# [TASK REQUIREMENTS]
Within the entries below, find the portion that opens with the line containing "Korea-Jeonju-Hiking-Moaksan - I" and closes with the line containing "茶树菇哪里的好(茶树菇哪里的好吃)-第2张图片-厨房小当家 茶树菇哪里的好(茶树菇哪里的好吃)-第2张图片-厨房小当家". Retype that portion exactly and only.

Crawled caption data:
[Start of Attachment]
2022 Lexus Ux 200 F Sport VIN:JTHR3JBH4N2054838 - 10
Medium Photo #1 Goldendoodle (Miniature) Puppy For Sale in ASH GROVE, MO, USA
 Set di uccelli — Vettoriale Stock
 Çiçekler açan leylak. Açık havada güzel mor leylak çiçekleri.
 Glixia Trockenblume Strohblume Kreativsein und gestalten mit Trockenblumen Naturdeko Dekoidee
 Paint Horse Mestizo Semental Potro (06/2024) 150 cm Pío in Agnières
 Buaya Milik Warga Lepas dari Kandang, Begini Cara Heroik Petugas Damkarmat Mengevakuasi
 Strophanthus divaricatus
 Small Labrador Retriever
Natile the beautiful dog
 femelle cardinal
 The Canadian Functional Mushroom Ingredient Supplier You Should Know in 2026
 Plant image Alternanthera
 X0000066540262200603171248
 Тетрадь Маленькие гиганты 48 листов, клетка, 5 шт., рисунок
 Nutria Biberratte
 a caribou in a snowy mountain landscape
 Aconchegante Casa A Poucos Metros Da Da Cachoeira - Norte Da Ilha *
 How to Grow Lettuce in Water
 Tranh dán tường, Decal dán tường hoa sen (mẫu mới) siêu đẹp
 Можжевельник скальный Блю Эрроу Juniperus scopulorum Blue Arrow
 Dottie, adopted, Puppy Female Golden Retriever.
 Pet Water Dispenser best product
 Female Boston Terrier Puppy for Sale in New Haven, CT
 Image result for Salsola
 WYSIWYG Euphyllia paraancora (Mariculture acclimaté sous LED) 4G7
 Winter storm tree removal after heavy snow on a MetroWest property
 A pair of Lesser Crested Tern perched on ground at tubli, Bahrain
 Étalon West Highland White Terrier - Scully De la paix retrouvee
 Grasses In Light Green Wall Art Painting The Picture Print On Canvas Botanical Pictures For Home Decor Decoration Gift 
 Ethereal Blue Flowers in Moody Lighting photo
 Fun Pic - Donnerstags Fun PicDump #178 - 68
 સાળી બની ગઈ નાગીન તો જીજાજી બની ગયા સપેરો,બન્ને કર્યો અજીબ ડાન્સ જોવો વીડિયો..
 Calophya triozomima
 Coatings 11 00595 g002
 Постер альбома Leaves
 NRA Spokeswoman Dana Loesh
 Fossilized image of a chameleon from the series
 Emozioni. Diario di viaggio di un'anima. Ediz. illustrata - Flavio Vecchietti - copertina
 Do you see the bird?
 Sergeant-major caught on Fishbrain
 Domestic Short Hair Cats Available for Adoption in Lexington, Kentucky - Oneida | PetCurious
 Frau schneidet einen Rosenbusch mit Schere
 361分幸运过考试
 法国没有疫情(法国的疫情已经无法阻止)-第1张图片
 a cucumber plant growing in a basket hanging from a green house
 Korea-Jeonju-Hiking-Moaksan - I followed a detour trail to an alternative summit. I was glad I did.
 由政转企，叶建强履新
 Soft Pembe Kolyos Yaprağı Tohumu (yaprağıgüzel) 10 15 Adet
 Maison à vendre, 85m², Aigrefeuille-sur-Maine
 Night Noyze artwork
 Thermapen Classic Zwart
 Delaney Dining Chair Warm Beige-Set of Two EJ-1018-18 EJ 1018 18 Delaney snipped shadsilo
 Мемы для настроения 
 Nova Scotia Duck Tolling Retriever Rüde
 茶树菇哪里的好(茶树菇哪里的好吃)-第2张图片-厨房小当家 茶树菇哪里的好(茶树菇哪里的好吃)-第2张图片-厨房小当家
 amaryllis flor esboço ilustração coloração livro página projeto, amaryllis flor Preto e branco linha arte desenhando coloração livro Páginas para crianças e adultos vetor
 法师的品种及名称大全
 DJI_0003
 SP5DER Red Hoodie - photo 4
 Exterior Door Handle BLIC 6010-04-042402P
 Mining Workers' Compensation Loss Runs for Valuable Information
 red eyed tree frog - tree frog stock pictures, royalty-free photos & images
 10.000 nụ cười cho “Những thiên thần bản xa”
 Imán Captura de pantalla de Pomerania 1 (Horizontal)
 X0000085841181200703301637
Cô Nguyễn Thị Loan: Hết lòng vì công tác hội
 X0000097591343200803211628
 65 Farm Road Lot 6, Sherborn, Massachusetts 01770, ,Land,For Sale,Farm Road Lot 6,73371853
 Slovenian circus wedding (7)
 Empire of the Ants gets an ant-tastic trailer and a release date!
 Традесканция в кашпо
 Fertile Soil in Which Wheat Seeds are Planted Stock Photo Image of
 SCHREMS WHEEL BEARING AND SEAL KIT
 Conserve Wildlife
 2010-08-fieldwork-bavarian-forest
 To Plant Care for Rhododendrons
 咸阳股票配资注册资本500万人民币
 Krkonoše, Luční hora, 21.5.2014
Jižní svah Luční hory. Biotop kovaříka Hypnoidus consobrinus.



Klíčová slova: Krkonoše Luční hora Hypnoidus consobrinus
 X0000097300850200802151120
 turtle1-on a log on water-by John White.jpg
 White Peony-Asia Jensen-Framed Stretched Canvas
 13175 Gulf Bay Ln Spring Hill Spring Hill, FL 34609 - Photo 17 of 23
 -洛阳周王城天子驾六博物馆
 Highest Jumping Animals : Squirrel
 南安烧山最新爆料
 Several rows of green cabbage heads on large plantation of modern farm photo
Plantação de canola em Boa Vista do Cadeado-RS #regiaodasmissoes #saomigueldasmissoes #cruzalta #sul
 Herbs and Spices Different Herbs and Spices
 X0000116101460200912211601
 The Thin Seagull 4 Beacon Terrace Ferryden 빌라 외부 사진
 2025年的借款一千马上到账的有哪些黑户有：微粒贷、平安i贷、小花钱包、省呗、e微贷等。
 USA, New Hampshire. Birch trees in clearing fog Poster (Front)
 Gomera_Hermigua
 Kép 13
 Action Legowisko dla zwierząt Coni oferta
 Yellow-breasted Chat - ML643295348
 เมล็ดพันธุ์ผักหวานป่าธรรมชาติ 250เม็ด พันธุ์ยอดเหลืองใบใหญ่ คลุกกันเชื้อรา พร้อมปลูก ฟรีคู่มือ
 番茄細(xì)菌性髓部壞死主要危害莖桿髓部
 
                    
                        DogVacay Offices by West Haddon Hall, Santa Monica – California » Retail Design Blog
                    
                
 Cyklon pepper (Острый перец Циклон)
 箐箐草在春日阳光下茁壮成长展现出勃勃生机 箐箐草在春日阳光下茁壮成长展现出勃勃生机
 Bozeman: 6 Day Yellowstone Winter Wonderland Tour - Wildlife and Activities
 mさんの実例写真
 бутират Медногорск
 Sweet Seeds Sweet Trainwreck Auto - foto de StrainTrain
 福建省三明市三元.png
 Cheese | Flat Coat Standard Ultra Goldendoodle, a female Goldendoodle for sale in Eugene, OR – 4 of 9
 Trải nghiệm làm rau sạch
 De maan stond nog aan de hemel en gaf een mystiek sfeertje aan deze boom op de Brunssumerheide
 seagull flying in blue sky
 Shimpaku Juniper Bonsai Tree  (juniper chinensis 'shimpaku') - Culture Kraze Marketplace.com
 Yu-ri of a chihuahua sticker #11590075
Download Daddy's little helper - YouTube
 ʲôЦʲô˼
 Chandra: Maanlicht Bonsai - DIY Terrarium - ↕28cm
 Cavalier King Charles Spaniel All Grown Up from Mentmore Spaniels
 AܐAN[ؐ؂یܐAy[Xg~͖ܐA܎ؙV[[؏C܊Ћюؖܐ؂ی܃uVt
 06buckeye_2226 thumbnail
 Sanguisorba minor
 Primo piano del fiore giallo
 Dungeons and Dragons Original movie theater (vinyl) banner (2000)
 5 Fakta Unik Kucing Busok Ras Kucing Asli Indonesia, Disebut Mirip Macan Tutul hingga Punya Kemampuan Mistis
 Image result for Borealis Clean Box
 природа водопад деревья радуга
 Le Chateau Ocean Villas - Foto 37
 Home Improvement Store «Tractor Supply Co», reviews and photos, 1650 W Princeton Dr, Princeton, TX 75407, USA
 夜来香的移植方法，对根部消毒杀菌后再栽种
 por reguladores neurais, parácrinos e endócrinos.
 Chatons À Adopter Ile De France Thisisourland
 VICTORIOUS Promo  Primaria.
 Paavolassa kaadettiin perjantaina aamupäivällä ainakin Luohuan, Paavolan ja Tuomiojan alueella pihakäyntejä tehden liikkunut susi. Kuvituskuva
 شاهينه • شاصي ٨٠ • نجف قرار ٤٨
[End of Attachment]
# [EXERCISE OUTPUT]
 Korea-Jeonju-Hiking-Moaksan - I followed a detour trail to an alternative summit. I was glad I did.
 由政转企，叶建强履新
 Soft Pembe Kolyos Yaprağı Tohumu (yaprağıgüzel) 10 15 Adet
 Maison à vendre, 85m², Aigrefeuille-sur-Maine
 Night Noyze artwork
 Thermapen Classic Zwart
 Delaney Dining Chair Warm Beige-Set of Two EJ-1018-18 EJ 1018 18 Delaney snipped shadsilo
 Мемы для настроения 
 Nova Scotia Duck Tolling Retriever Rüde
 茶树菇哪里的好(茶树菇哪里的好吃)-第2张图片-厨房小当家 茶树菇哪里的好(茶树菇哪里的好吃)-第2张图片-厨房小当家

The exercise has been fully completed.